* EXTRACTED INFORMATION:

════════

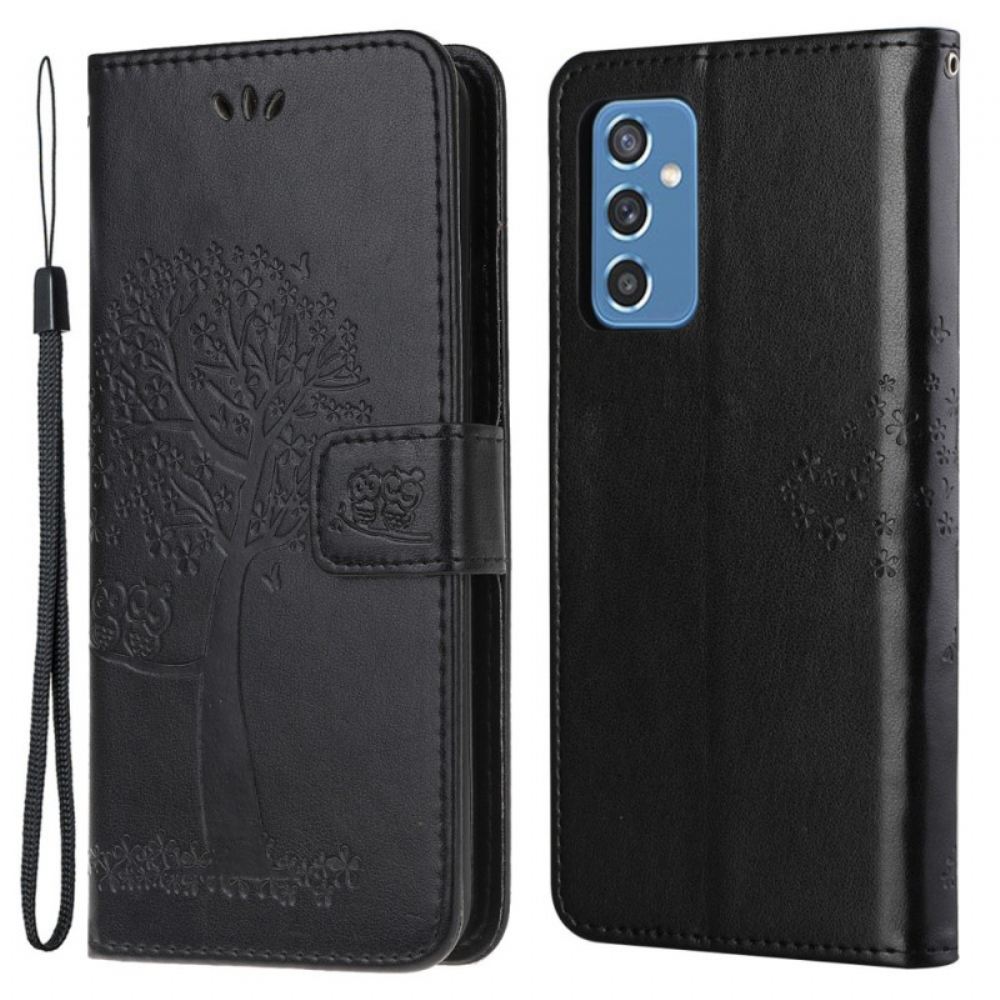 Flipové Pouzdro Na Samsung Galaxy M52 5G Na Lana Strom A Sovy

════════

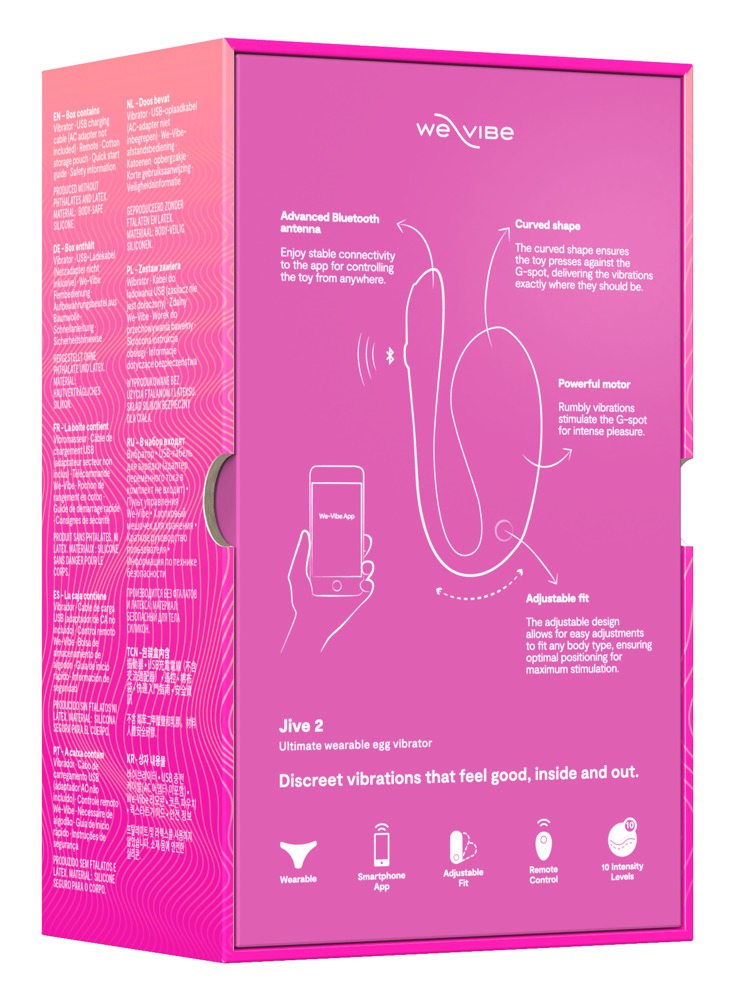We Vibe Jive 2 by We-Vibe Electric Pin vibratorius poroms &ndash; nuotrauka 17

════════

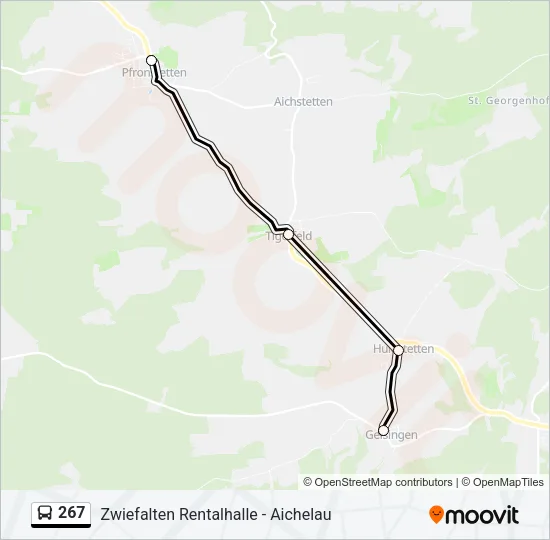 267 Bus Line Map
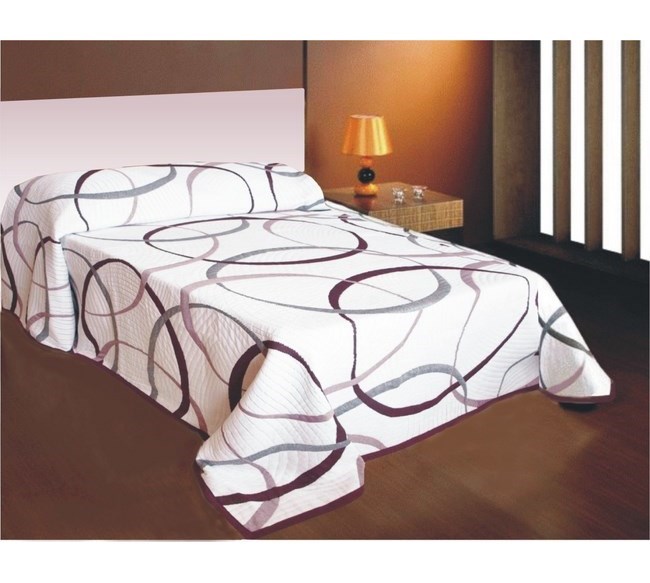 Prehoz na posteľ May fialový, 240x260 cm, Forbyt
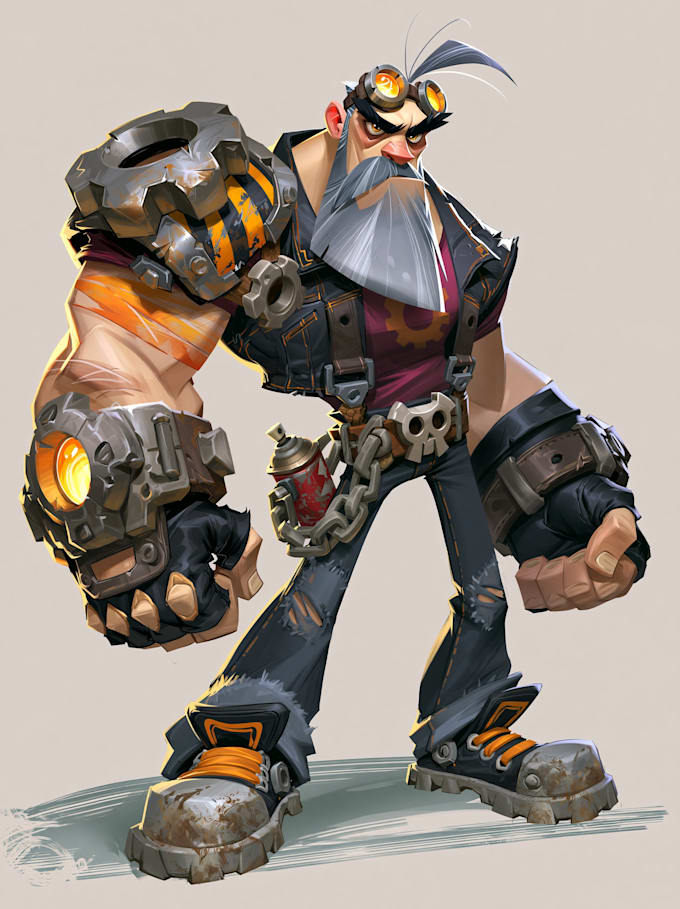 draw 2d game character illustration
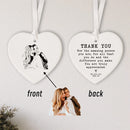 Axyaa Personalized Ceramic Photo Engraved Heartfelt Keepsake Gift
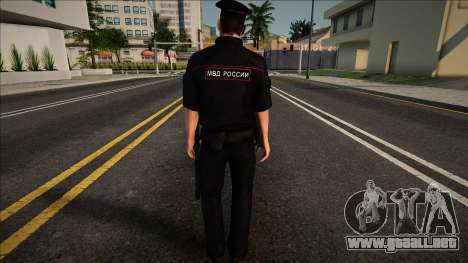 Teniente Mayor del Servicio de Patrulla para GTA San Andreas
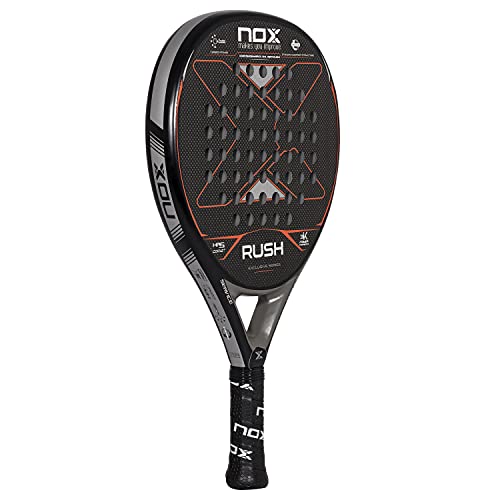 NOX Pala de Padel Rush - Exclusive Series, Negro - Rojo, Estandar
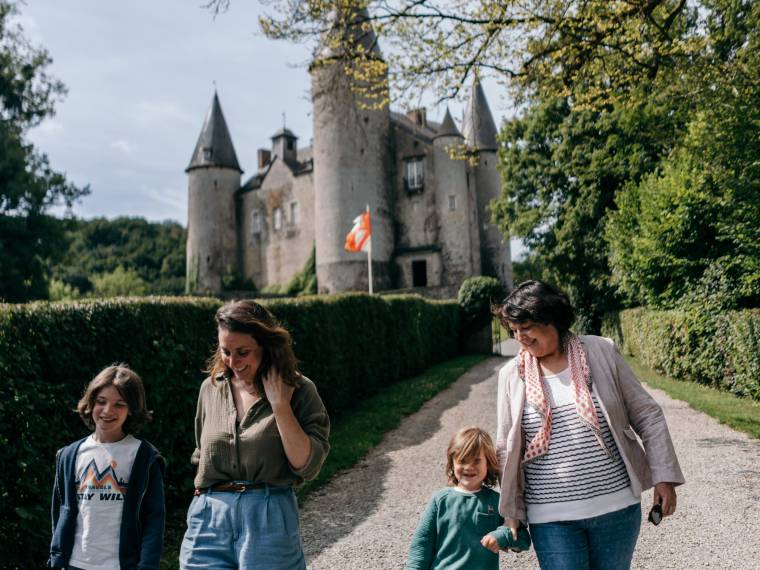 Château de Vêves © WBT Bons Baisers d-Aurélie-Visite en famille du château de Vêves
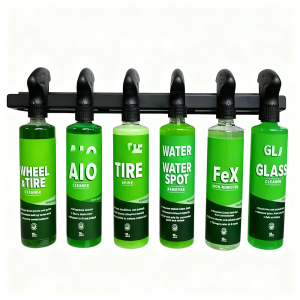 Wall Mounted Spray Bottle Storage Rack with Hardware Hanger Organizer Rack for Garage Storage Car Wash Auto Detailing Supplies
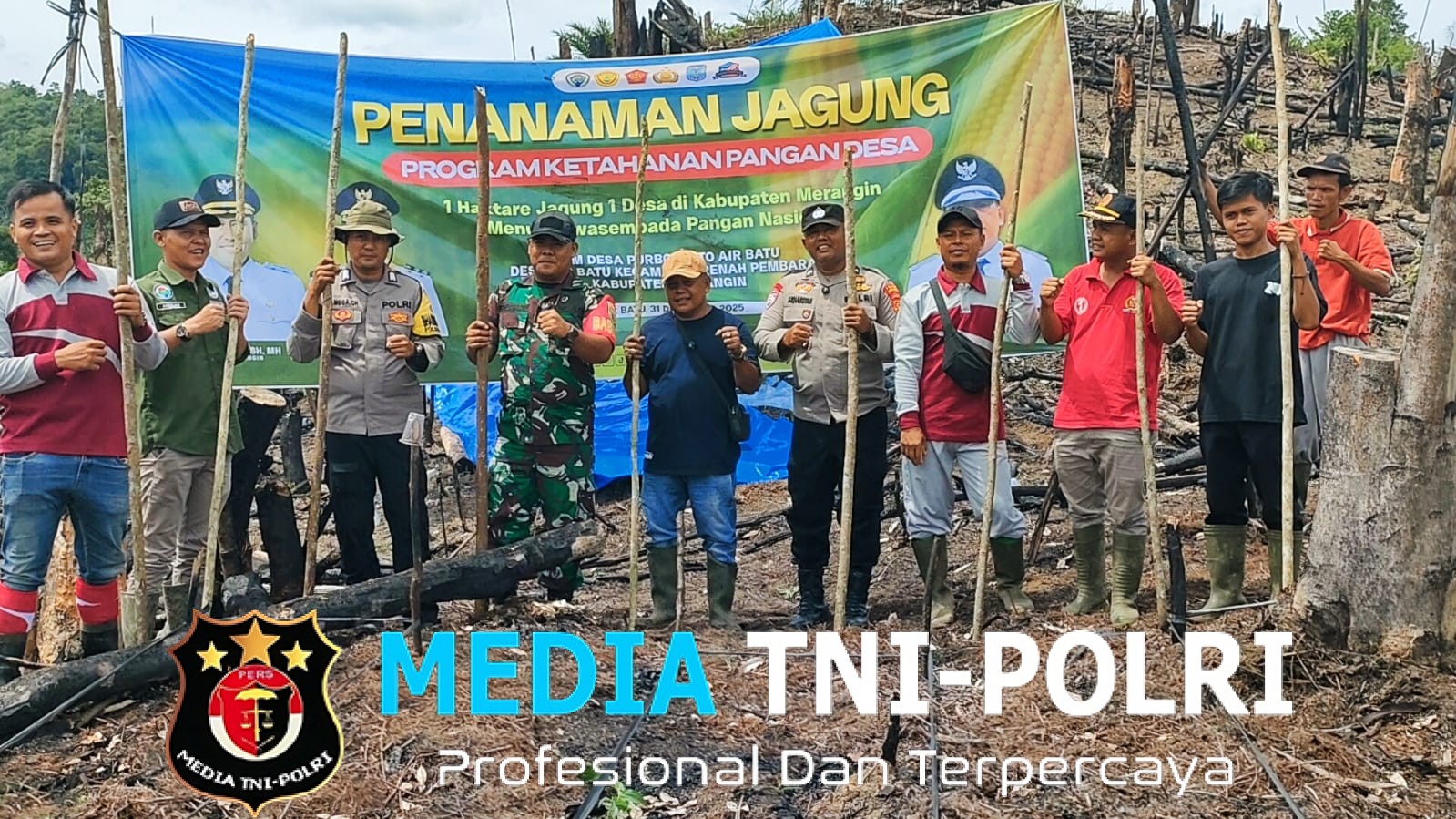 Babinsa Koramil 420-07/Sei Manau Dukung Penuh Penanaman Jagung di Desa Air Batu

════════

* REQUIRED WORK: Going by the data above, the answer is exactly the lines from the one holding "Wall Mounted Spray" to the one holding "Babinsa Koramil 420-07/Sei", both kept, with the pictures left out.

* TASK RESULT:
 Wall Mounted Spray Bottle Storage Rack with Hardware Hanger Organizer Rack for Garage Storage Car Wash Auto Detailing Supplies
 Babinsa Koramil 420-07/Sei Manau Dukung Penuh Penanaman Jagung di Desa Air Batu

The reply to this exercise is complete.